Сорок семь лет любви, которая кормилась сама собой… А ведь эта любовь не была ни данью традиции, подобно часто воспевавшимся трубадурами чувствам, ни благоговейным апофеозом Дамы, ни иллюзией платонического чувства. Напротив, она была насыщена эротикой, восхищением красотою тела, содержала в себе целую гамму земных желаний. В ней было все: изысканный секс и почтение, близость и отчужденность, огонь и лед. Пламя не ослабевало все те годы, пока девятнадцатилетняя девушка превращалась в почтенную, едва ли не пожилую (по тогдашним понятиям) матрону, мать одиннадцати детей. И не угасло даже после ее страшной смерти. Лаура умерла от чумы ровно в двадцати первую годовщину их встречи — 6 апреля 1348 года, после пятидневной агонии; в 1346–1351 годах эпидемия так называемой черной смерти унесла половину населения Европы — более 25 миллионов человек.
Франческо Петрарка все хуже чувствовал себя в папской столице: он презирал суетность и мишуру придворной жизни, не искал благосклонности сильных мира сего, тщеславие и интриги были ему ненавистны. Авиньон виделся поэту новым Вавилоном, «адом для живых», «мерзейшим из городов», «вместилищем сатиров и демонов». Он называл его «нечестивый Вавилон, приют скорбей, вместилище порока»[207]
, «блудный Вавилон, где нет стыда и подлы нравы», именовал Авиньон «столицей горя» и «матерью прегрешений», а двор — «гнездом предательств».Вавилон — вместилище всех пороков и страданий, — писал он в одном из писем. — В нем совсем не нашлось места благочестию, милосердию, вере, почтительности, страху Божьему; здесь нет ничего святого, ничего возвышенного, ничего справедливого. Все, что вы читали или слышали о вероломстве, обмане, жестокой гордыне, бесстыдстве и необузданном разгуле, — короче говоря, всякий пример того, что нечестивость и зло способны явить миру, вы найдете в этом городе… Здесь каждый теряет что-нибудь хорошее, вначале — свободу, а после — покой, счастье, веру, надежду и милосердие[208]

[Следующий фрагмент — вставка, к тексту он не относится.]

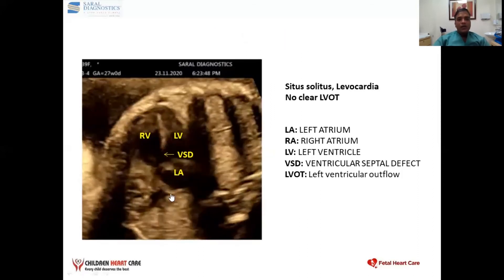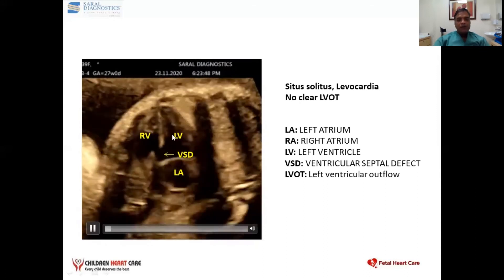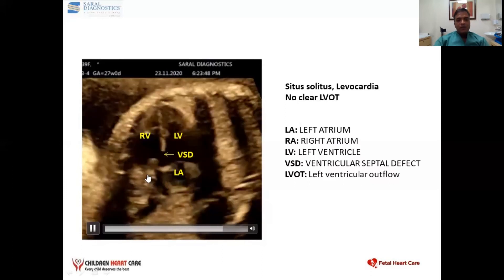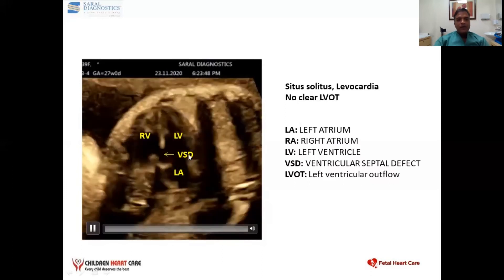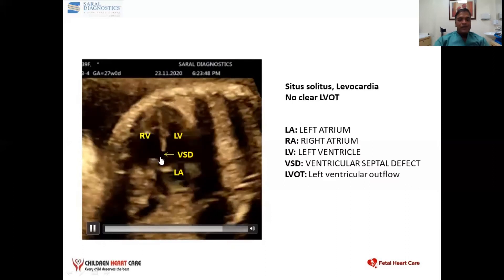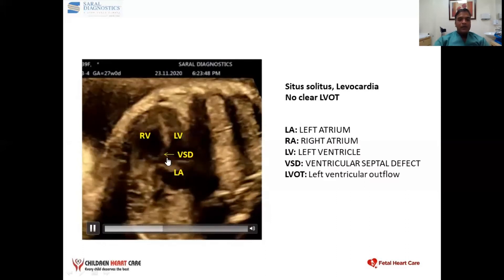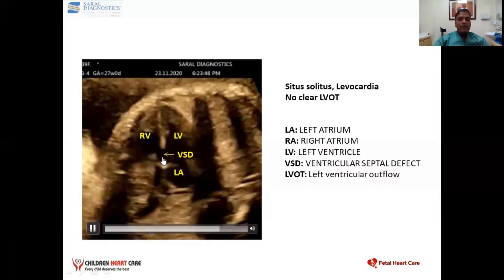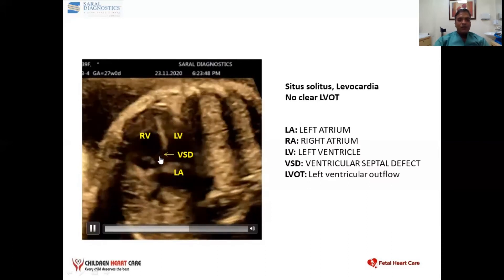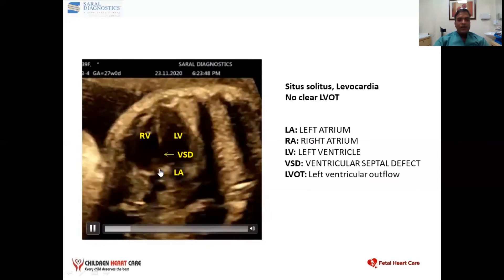As you can see in this echo clip, this is the left atrium, left ventricle, right ventricle, and the right atrium is somewhere here. As you can see, there is a big hole here — this was a VSD. Normally the septum is clearly visible here, but there is a big gap. Something is coming out from above the VSD, but it is not very clear.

.В записках и письмах того периода ощутимо отвращение кое к кому из его окружения — особенно доставалось кардиналам Священной коллегии, которых Петрарка, не выбирая выражений, называет вонючими козлами. Об одном из них, неимоверной толщины, он пишет: «Всей своей тяжестью наваливался на несчастных коз, драл кого ни попадя»; о другом: «Обходил все фермы и ночью не позволял ни одной козе спокойно уснуть…»; про третьего сообщал, что тот «не пропускает даже маленьких козлят».